Work order:
Nothing outside the range below should be printed. Output exactly the lines from the line with "DA2357CP - Clutch" to the line with "She Hotel |", both included.

Information shown:
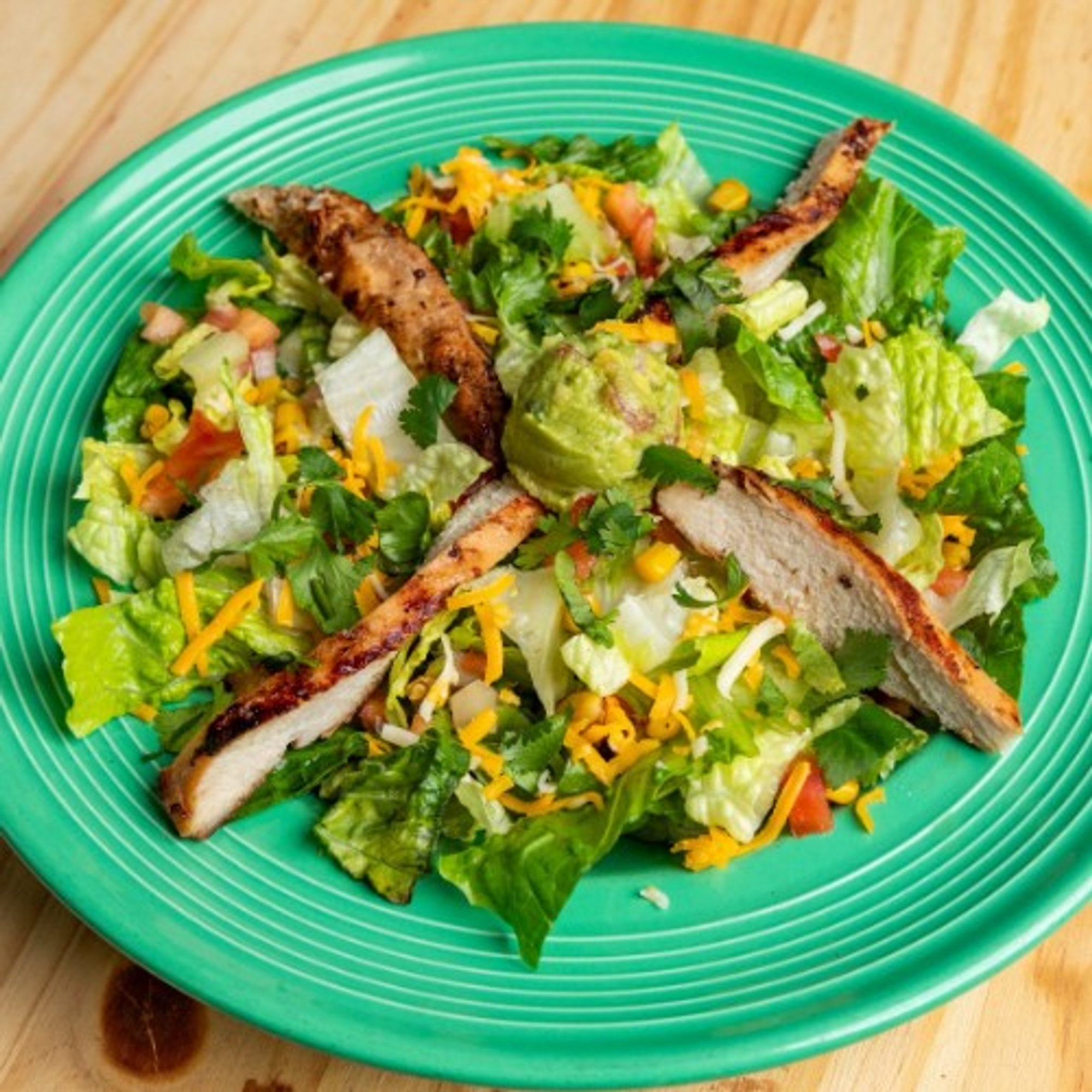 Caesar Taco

...

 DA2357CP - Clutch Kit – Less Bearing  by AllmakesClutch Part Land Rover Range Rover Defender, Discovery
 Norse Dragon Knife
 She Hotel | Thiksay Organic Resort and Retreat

Solution to this problem:
 DA2357CP - Clutch Kit – Less Bearing  by AllmakesClutch Part Land Rover Range Rover Defender, Discovery
 Norse Dragon Knife
 She Hotel | Thiksay Organic Resort and Retreat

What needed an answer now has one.